An affiliate of the Washington DC-based private equity real estate firm has unveiled PRC Securities, which will raise funds for Perseus Realty and third party real estate vehicles targeting the middle market.

Perseus Realty Capital, the sister company of Perseus Realty Partners, has launched a capital  fundraising arm that will help raise equity for real estate vehicles targeting the middle market.

PRC Securities will also raise JV equity for individual projects and programmatic investments, as well as commingled funds for public and private real estate fund managers. The company will act as the placement agent for Perseus Realty Partners.

Perseus Realty Capital was founded by Perseus Realty Partners' president Paul Dougherty, in association with Perseus, the merchant bank and private equity fund, at the same time as the private equity real estate firm in 2005.

Managing director Jay Jarrett said in a statement the capital raising unit would target fund raises of between $350 million and $500 million. As part of the launch, Perseus Realty Capital has hired former Eastdil Secured real estate investment banking executive Julie Rost to head up the firm’s US west coast operations.

Earlier this year, Perseus Realty Partners launched a real estate debt financing vehicle, the PRP Participating Loan Program, to target distressed developers in the US.

PRP PLP will concentrate on property developments with a total capitalization of between $20 million and $75 million and provide up to $1 billion in financing for the development, redevelopment and acquisition of office, retail, industrial and multifamily properties.

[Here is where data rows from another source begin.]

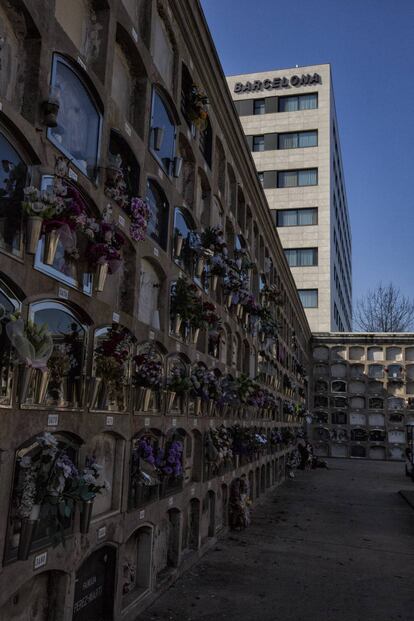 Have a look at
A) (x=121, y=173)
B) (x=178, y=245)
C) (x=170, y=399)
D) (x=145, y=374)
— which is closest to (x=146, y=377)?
(x=145, y=374)

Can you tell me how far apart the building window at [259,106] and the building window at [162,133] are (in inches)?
953

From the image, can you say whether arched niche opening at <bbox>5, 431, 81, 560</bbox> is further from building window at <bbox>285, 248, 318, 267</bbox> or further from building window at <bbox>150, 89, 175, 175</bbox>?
building window at <bbox>285, 248, 318, 267</bbox>

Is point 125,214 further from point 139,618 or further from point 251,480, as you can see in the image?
point 251,480

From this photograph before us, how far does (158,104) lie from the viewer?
5098 millimetres

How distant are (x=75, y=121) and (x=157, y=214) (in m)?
1.63

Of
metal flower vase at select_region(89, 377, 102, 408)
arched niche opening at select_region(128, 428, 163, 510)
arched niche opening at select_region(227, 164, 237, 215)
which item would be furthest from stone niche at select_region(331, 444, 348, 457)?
metal flower vase at select_region(89, 377, 102, 408)

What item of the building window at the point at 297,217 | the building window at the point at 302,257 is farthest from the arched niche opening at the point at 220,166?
the building window at the point at 297,217

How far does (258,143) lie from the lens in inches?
1085

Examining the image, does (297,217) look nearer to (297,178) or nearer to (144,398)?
(297,178)

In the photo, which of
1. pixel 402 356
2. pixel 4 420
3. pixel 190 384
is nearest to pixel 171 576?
pixel 190 384

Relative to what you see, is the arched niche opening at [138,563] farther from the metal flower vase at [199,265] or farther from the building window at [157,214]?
the metal flower vase at [199,265]

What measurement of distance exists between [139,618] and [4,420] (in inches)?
87.8

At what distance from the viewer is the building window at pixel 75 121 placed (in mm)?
3369

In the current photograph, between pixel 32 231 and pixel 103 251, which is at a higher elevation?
pixel 103 251
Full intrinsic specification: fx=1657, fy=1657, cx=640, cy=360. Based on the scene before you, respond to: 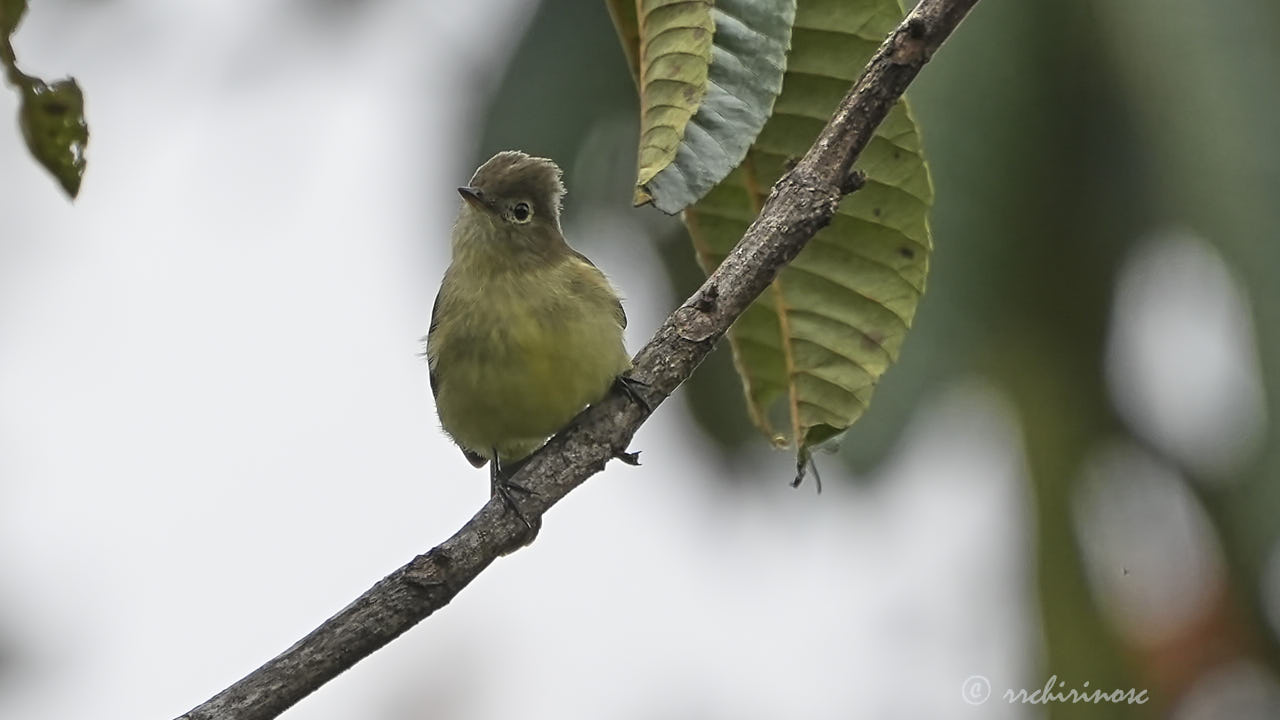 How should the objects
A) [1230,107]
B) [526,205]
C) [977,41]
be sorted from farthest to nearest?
[977,41] < [1230,107] < [526,205]

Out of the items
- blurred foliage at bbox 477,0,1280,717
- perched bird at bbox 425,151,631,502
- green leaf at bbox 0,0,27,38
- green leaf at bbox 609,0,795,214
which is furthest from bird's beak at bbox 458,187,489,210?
green leaf at bbox 0,0,27,38

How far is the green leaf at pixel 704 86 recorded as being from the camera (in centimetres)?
226

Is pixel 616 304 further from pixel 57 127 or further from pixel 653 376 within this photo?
pixel 57 127

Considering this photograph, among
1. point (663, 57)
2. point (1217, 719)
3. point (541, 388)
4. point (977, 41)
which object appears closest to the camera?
point (663, 57)

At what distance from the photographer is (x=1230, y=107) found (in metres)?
6.10

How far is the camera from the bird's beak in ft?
13.7

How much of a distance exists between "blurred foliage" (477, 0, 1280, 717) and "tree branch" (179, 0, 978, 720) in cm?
327

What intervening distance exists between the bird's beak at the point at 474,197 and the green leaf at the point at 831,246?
1364 mm

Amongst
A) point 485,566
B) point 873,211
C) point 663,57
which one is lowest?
point 485,566

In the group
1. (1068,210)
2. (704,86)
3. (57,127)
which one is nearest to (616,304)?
(704,86)

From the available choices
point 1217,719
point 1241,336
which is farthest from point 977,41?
point 1217,719

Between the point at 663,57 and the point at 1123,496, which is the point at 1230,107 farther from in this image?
the point at 663,57

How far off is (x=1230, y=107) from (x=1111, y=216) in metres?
1.14

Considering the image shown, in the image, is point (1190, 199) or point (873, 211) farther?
point (1190, 199) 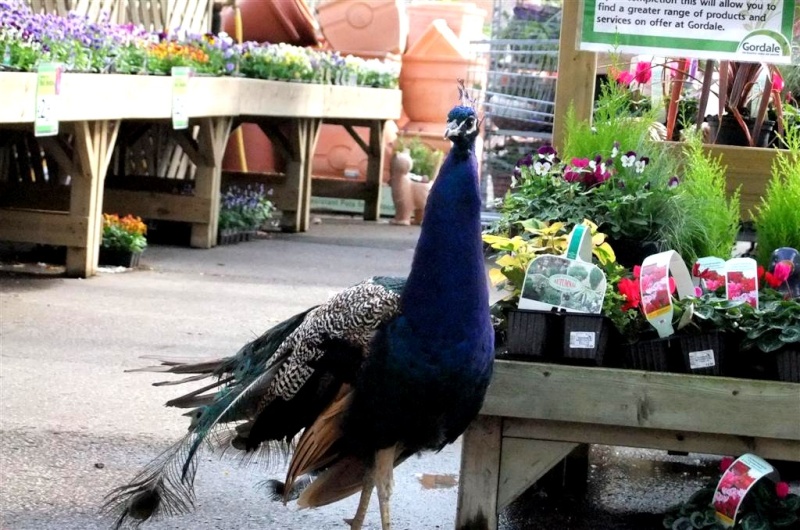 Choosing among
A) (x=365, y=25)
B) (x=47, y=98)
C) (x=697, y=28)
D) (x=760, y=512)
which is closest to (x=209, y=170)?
(x=47, y=98)

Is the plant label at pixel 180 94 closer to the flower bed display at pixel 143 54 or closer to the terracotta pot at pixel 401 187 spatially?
the flower bed display at pixel 143 54

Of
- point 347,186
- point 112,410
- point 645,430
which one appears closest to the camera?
point 645,430

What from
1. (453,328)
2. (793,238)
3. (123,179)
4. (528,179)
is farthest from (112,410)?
(123,179)

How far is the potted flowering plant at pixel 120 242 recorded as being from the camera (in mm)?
9516

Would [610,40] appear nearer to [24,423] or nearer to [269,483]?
[269,483]

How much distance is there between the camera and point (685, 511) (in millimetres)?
4375

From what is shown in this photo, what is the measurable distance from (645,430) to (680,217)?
38.5 inches

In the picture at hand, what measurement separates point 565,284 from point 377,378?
2.68ft

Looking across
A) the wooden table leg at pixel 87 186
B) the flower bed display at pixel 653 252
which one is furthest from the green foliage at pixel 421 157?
the flower bed display at pixel 653 252

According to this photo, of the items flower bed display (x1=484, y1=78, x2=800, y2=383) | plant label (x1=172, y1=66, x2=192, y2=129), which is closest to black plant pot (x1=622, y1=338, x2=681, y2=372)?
flower bed display (x1=484, y1=78, x2=800, y2=383)

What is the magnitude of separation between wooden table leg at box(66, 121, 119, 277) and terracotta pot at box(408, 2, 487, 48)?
853cm

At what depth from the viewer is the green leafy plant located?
9508 mm

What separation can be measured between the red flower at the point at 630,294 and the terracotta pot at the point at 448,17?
41.8 ft

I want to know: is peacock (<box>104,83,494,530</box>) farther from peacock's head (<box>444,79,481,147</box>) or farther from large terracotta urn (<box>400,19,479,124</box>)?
large terracotta urn (<box>400,19,479,124</box>) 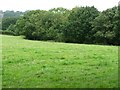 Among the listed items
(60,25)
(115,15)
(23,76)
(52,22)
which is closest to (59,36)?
(60,25)

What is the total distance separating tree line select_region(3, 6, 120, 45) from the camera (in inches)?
1964

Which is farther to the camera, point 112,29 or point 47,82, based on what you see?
point 112,29

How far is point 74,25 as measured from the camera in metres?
55.4

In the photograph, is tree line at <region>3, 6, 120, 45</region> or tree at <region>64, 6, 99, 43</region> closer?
tree line at <region>3, 6, 120, 45</region>

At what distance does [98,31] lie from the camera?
50.4m

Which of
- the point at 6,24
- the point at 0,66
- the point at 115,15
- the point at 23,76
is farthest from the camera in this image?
the point at 6,24

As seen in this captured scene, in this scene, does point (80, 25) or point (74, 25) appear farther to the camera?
point (74, 25)

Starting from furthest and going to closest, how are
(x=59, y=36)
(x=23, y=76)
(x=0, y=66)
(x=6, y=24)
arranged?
(x=6, y=24)
(x=59, y=36)
(x=0, y=66)
(x=23, y=76)

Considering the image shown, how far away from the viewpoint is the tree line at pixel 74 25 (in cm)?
4988

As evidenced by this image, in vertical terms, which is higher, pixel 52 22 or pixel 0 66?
pixel 52 22

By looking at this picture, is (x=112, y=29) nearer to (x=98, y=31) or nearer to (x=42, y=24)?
(x=98, y=31)

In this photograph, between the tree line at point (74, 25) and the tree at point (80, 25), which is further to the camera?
the tree at point (80, 25)

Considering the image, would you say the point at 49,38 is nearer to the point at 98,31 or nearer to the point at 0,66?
the point at 98,31

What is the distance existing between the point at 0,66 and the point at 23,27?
5311cm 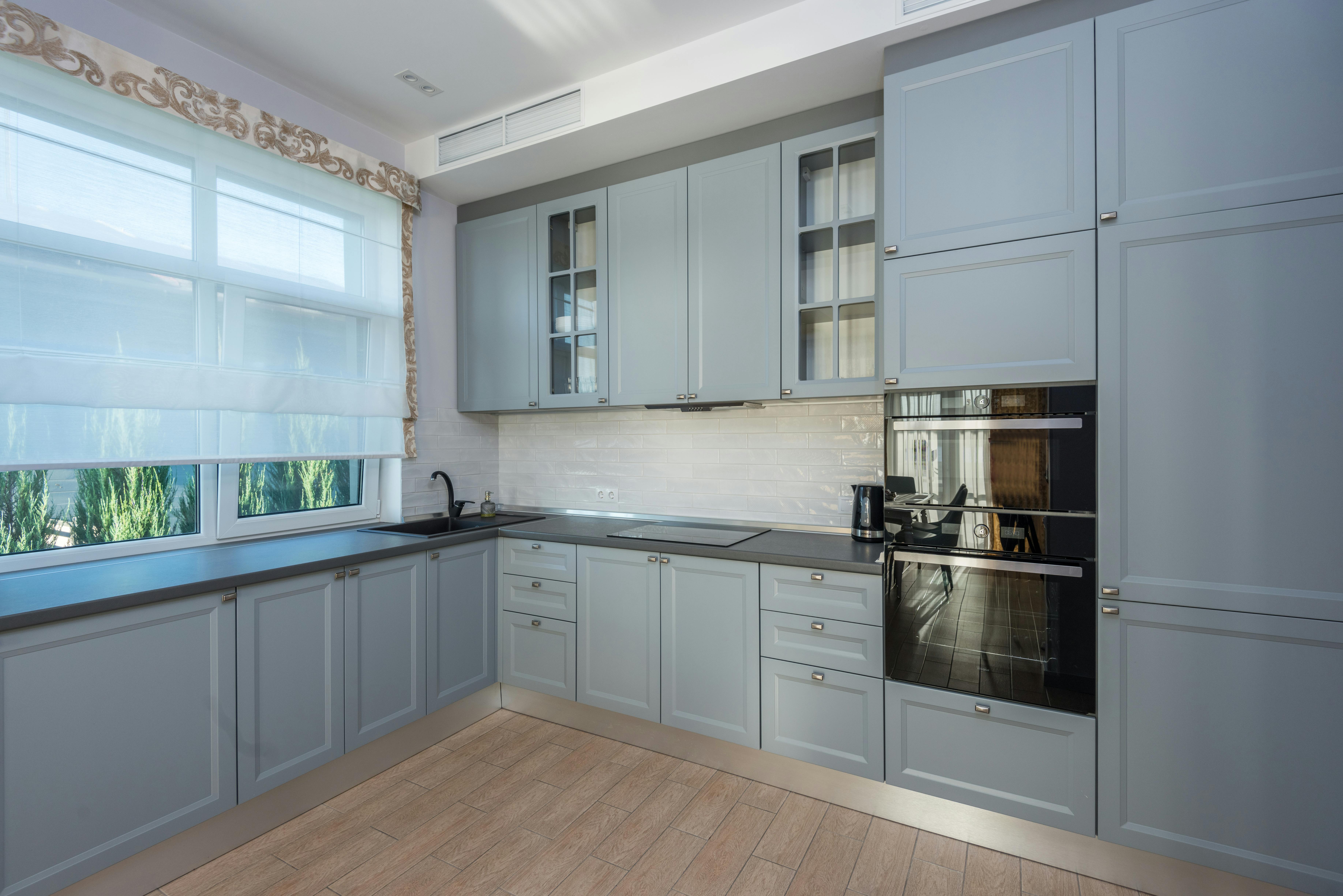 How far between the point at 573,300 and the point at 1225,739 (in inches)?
116

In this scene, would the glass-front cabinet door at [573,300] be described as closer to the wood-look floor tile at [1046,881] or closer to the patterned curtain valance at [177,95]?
the patterned curtain valance at [177,95]

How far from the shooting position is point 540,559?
9.36 feet

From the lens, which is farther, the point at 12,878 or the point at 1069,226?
the point at 1069,226

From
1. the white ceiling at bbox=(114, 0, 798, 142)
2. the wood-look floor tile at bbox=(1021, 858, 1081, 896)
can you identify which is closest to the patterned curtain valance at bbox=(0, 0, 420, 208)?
the white ceiling at bbox=(114, 0, 798, 142)

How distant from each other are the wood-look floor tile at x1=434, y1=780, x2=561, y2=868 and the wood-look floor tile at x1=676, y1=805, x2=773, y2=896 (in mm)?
645

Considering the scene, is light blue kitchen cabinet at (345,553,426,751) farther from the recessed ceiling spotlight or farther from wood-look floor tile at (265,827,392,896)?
the recessed ceiling spotlight

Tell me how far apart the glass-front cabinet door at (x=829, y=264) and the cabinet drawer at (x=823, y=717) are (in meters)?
1.10

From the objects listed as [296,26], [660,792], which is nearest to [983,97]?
[296,26]

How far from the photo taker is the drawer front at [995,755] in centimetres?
180

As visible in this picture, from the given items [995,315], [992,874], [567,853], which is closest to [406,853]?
[567,853]

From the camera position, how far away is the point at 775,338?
249cm

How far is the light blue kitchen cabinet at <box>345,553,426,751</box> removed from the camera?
230cm

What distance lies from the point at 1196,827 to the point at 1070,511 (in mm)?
930

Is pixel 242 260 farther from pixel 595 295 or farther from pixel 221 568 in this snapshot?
pixel 595 295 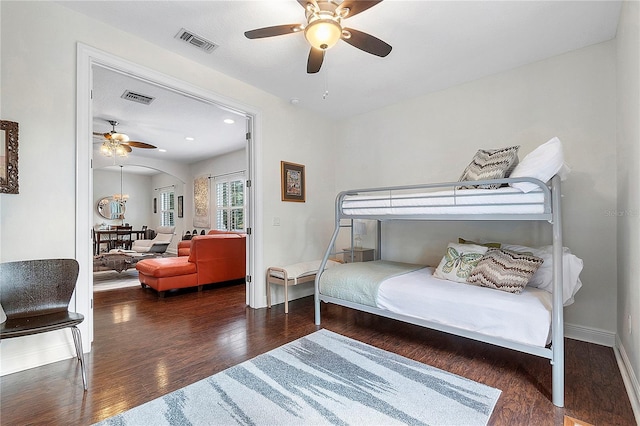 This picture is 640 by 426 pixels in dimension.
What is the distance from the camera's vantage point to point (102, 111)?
14.5 ft

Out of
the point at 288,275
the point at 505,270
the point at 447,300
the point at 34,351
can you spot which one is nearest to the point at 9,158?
the point at 34,351

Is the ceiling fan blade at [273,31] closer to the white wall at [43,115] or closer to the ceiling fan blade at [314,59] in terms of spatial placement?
the ceiling fan blade at [314,59]

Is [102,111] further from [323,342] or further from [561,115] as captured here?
[561,115]

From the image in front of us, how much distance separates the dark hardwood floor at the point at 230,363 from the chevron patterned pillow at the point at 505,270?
0.59 metres

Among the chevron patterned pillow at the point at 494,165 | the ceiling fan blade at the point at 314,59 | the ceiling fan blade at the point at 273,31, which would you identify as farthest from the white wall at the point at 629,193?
the ceiling fan blade at the point at 273,31

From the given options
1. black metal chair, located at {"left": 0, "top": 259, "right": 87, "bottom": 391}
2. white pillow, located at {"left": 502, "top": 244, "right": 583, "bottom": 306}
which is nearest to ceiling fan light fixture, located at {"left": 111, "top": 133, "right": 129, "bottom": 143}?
black metal chair, located at {"left": 0, "top": 259, "right": 87, "bottom": 391}

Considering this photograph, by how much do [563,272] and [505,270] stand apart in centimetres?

In an interview to be published in next month’s PERE magazine, Dougherty says opportunities will grow as debt matures over the next two years as investors seek to cover the gap between their existing debt and the amounts lenders will provide in today’s credit market. However he says the spread between the bid and ask is still too large, with Dougherty telling PERE the PLP program has yet to make an investment.

“With all of the monies being raised for distressed debt and debt funds, fund managers might find that what they will ultimately be doing is refining or shifting their strategy away from debt because they won’t be able to push their capital out as broadly as they think they might,” Dougherty said in the interview, adding: “That being said, opportunistically, this is still one of the best times to invest that I’ve seen in a long time.”